# [Data excerpt]
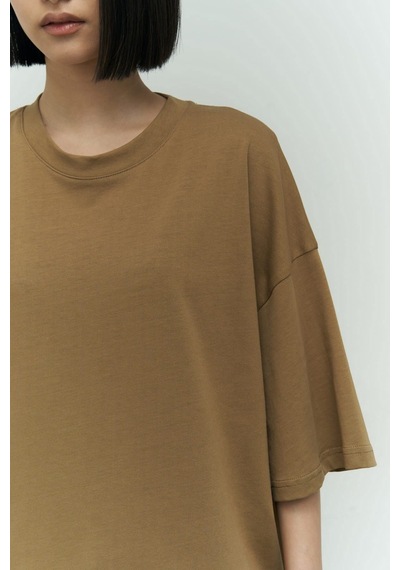 Mai Studios Co. I Like Mama Açık Haki Oversize T-shirt Haki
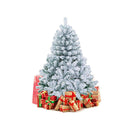 140Cm Snow Flocked Christmas Tree With 295 Tips And 150 Led Lights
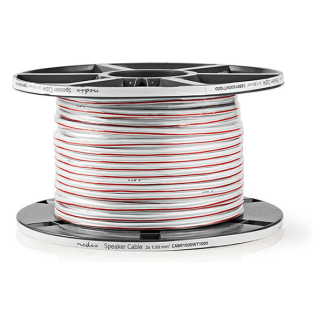 Nedis Luidsprekerkabel op rol | 100 meter (1.5 mm², 100% koper, Wit) CABR1500WT1000 K010308514 - 3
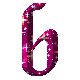 GIF animado (34099) Letra b brillante morada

# [Requirement]
Please set down the whole listing above exactly and skip every picture.

# [Response to the exercise]
 Mai Studios Co. I Like Mama Açık Haki Oversize T-shirt Haki
 140Cm Snow Flocked Christmas Tree With 295 Tips And 150 Led Lights
 Nedis Luidsprekerkabel op rol | 100 meter (1.5 mm², 100% koper, Wit) CABR1500WT1000 K010308514 - 3
 GIF animado (34099) Letra b brillante morada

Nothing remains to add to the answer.